§ **GOAL OF THE EXERCISE**: Repeat the data exactly as it appears.

[Records from a data source]
########################################

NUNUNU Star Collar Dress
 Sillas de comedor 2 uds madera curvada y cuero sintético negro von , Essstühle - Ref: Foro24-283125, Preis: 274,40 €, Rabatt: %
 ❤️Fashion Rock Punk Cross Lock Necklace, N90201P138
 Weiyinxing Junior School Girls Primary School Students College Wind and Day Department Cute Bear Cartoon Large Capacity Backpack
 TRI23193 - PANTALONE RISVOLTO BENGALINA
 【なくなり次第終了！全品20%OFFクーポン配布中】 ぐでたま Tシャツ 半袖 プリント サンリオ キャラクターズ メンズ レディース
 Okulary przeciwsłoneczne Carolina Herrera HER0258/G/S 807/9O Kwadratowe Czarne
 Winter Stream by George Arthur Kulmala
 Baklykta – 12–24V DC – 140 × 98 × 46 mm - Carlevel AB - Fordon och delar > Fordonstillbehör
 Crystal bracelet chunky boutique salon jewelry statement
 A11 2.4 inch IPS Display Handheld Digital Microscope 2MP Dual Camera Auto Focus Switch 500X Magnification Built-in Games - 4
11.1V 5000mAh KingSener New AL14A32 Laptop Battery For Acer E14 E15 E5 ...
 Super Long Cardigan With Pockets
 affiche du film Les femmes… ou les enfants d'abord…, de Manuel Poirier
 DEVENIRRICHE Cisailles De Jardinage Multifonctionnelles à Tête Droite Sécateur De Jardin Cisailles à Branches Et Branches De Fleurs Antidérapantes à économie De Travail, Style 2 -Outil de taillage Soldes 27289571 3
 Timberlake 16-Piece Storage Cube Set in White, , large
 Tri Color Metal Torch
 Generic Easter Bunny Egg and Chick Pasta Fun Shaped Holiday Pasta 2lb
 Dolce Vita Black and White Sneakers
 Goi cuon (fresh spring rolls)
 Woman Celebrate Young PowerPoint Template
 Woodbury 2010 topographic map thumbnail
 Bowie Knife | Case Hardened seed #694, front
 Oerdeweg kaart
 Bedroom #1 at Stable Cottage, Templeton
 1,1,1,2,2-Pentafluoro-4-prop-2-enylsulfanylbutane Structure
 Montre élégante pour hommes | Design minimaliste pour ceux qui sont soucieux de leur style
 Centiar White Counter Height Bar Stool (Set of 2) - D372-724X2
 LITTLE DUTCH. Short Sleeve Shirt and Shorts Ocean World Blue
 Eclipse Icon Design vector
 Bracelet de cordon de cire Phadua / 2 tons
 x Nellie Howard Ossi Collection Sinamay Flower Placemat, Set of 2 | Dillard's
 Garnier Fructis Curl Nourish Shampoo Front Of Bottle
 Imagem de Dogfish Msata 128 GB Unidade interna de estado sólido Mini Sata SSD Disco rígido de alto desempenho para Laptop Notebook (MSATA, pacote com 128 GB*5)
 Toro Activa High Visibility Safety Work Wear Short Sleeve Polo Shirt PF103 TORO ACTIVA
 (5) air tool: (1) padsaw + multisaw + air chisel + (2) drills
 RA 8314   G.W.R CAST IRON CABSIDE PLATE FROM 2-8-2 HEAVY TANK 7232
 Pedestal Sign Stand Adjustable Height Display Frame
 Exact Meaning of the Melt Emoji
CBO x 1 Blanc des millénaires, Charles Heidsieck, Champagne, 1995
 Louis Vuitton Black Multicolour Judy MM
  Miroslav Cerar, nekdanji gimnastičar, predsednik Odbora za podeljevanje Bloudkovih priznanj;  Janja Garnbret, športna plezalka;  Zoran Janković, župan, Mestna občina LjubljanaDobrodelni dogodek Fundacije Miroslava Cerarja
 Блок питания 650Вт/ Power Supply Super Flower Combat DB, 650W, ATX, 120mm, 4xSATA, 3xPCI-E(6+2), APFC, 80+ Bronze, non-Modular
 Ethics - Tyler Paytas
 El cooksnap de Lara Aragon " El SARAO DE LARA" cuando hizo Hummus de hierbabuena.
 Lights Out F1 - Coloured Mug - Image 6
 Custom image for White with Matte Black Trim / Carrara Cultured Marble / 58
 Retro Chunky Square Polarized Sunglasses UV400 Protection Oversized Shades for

########################################

§ **OUTPUT FOR THIS EXERCISE**:
NUNUNU Star Collar Dress
 Sillas de comedor 2 uds madera curvada y cuero sintético negro von , Essstühle - Ref: Foro24-283125, Preis: 274,40 €, Rabatt: %
 ❤️Fashion Rock Punk Cross Lock Necklace, N90201P138
 Weiyinxing Junior School Girls Primary School Students College Wind and Day Department Cute Bear Cartoon Large Capacity Backpack
 TRI23193 - PANTALONE RISVOLTO BENGALINA
 【なくなり次第終了！全品20%OFFクーポン配布中】 ぐでたま Tシャツ 半袖 プリント サンリオ キャラクターズ メンズ レディース
 Okulary przeciwsłoneczne Carolina Herrera HER0258/G/S 807/9O Kwadratowe Czarne
 Winter Stream by George Arthur Kulmala
 Baklykta – 12–24V DC – 140 × 98 × 46 mm - Carlevel AB - Fordon och delar > Fordonstillbehör
 Crystal bracelet chunky boutique salon jewelry statement
 A11 2.4 inch IPS Display Handheld Digital Microscope 2MP Dual Camera Auto Focus Switch 500X Magnification Built-in Games - 4
11.1V 5000mAh KingSener New AL14A32 Laptop Battery For Acer E14 E15 E5 ...
 Super Long Cardigan With Pockets
 affiche du film Les femmes… ou les enfants d'abord…, de Manuel Poirier
 DEVENIRRICHE Cisailles De Jardinage Multifonctionnelles à Tête Droite Sécateur De Jardin Cisailles à Branches Et Branches De Fleurs Antidérapantes à économie De Travail, Style 2 -Outil de taillage Soldes 27289571 3
 Timberlake 16-Piece Storage Cube Set in White, , large
 Tri Color Metal Torch
 Generic Easter Bunny Egg and Chick Pasta Fun Shaped Holiday Pasta 2lb
 Dolce Vita Black and White Sneakers
 Goi cuon (fresh spring rolls)
 Woman Celebrate Young PowerPoint Template
 Woodbury 2010 topographic map thumbnail
 Bowie Knife | Case Hardened seed #694, front
 Oerdeweg kaart
 Bedroom #1 at Stable Cottage, Templeton
 1,1,1,2,2-Pentafluoro-4-prop-2-enylsulfanylbutane Structure
 Montre élégante pour hommes | Design minimaliste pour ceux qui sont soucieux de leur style
 Centiar White Counter Height Bar Stool (Set of 2) - D372-724X2
 LITTLE DUTCH. Short Sleeve Shirt and Shorts Ocean World Blue
 Eclipse Icon Design vector
 Bracelet de cordon de cire Phadua / 2 tons
 x Nellie Howard Ossi Collection Sinamay Flower Placemat, Set of 2 | Dillard's
 Garnier Fructis Curl Nourish Shampoo Front Of Bottle
 Imagem de Dogfish Msata 128 GB Unidade interna de estado sólido Mini Sata SSD Disco rígido de alto desempenho para Laptop Notebook (MSATA, pacote com 128 GB*5)
 Toro Activa High Visibility Safety Work Wear Short Sleeve Polo Shirt PF103 TORO ACTIVA
 (5) air tool: (1) padsaw + multisaw + air chisel + (2) drills
 RA 8314   G.W.R CAST IRON CABSIDE PLATE FROM 2-8-2 HEAVY TANK 7232
 Pedestal Sign Stand Adjustable Height Display Frame
 Exact Meaning of the Melt Emoji
CBO x 1 Blanc des millénaires, Charles Heidsieck, Champagne, 1995
 Louis Vuitton Black Multicolour Judy MM
  Miroslav Cerar, nekdanji gimnastičar, predsednik Odbora za podeljevanje Bloudkovih priznanj;  Janja Garnbret, športna plezalka;  Zoran Janković, župan, Mestna občina LjubljanaDobrodelni dogodek Fundacije Miroslava Cerarja
 Блок питания 650Вт/ Power Supply Super Flower Combat DB, 650W, ATX, 120mm, 4xSATA, 3xPCI-E(6+2), APFC, 80+ Bronze, non-Modular
 Ethics - Tyler Paytas
 El cooksnap de Lara Aragon " El SARAO DE LARA" cuando hizo Hummus de hierbabuena.
 Lights Out F1 - Coloured Mug - Image 6
 Custom image for White with Matte Black Trim / Carrara Cultured Marble / 58
 Retro Chunky Square Polarized Sunglasses UV400 Protection Oversized Shades for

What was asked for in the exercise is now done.